O martírio imposto agora ao país em nome do ajuste fiscal reproduz em outra chave a mesma lógica dos anos 80, ordenada por interesses correlatos, com um upgrade de sucateamento industrial que pode selar o obsoletismo nacional nesse esfera.
A revogação do conteúdo nacional no pré-sal, com a renúncia ao derradeiro impulso tecnológico capaz de engatar a economia à quarta revolução industrial (a da precisão e integração digital de cadeias e processos ) desenha esse crepúsculo sem volta.
Uma dissonância importante ocorre agora no plano externo.
Como nos anos 80, assiste-se também a uma ruptura no horizonte internacional, mas com sinal invertido, o que expõe a natureza anacrônica da restauração neoliberal brasileira.
Trump não é um Roosevelt de topete.
Mas tudo o que ele simboliza, atrai e ameaça desenha uma rota de colisão com a restauração neoliberal tardia abraçada pelo golpe.
Trump é a resposta do extremismo conservador ao esgotamento do establishment neoliberal, em meio ao vácuo de alternativas num campo progressista colonizado pela religião dos livres mercados.
O anseio por igualdade, emprego, futuro, direitos, segurança, identidade é um enredo à procura de um projeto .
Trump ocupa o nada entre o velho e o novo (leia o Especial de Carta Maior sobre o impacto de sua ascensão), com a guarnição de morbidez que o prato requentado da história inclui.
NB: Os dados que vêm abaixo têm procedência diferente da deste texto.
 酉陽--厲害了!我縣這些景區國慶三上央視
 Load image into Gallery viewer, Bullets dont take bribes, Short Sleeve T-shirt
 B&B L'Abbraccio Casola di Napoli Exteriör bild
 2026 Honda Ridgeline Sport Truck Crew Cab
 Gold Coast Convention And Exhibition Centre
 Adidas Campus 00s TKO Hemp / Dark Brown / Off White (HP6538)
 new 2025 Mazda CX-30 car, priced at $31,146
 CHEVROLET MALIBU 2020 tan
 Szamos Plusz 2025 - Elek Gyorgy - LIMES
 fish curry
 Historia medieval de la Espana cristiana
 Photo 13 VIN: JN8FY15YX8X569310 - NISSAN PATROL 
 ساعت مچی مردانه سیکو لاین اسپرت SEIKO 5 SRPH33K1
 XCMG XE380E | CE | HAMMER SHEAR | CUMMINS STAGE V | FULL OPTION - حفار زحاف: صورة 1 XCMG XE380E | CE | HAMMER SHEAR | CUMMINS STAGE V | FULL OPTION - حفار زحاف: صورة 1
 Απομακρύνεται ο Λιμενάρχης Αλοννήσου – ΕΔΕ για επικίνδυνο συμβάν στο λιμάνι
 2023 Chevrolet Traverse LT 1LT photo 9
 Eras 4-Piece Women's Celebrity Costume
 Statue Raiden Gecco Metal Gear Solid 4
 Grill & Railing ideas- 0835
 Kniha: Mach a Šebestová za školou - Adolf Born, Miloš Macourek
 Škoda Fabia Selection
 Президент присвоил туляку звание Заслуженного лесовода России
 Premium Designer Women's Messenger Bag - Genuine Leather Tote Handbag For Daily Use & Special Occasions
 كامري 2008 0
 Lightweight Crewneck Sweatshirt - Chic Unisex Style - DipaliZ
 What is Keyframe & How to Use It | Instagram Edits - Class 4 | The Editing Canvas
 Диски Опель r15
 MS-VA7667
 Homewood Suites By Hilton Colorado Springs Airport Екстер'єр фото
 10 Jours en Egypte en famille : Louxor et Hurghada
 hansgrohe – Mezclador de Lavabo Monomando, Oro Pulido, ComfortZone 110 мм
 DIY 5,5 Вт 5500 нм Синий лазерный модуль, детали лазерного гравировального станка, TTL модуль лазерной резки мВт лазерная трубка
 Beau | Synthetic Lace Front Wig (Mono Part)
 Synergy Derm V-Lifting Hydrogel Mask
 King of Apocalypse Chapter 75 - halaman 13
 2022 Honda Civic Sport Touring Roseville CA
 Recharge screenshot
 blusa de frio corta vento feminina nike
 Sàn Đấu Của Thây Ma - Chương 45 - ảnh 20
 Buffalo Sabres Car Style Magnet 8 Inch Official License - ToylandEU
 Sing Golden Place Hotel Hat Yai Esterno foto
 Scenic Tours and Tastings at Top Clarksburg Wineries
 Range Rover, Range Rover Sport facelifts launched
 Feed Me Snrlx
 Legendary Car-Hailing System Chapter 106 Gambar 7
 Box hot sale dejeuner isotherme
Seu protecionismo (quer taxar em 45% a manufatura chinesa), a promessa de investir US$ 1 trilhão em obras --e a consequente alta dos juros que isso encerra, estraçalham a ilusão golpista de reditar , em uma encruzilhada de mecânica parecida com a dos 80, mas de natureza distinta, a panaceia privatizante e dependente dos 90.
O risco de se insistir no mesmo projeto em uma ordem global de natureza distinta adverte também o campo progressista.
Amortecido na última década pelo superciclo de commodities e juros baixos, o conflito social reemerge agora enrijecido, em uma disputa ainda mais politizada, com uma direita ascendente, pelo comando do desenvolvimento e a destinação dos recursos fiscais.
A luta pelas Diretas e pela Constituinte nos anos 80 logrou à sociedade brasileira um espaço de legitimidade para crescer e expandir direitos, a contrapelo da ascensão neoliberal, que estendeu seu fôlego até quase o final do ciclo de governos do PT –com um saldo de ganhos e perdas sabido.
Ir para a rua hoje, ocupar praças, escolas, locais de trabalho tem a mesma importância que a luta pelas Diretas e pela Carta Cidadã teve em 1984 e 1988.
Trata-se de quebrar a rigidez das circunstâncias econômicas com o peso dos interesses históricos da maioria da população.
A ferramenta organizativa capaz de fazer isso hoje no Brasil chama-se frente ampla.
A rua é o seu canteiro de obras. É nela que o lodo golpista pode ser drenado para dar passagem a um novo ciclo de desenvolvimento.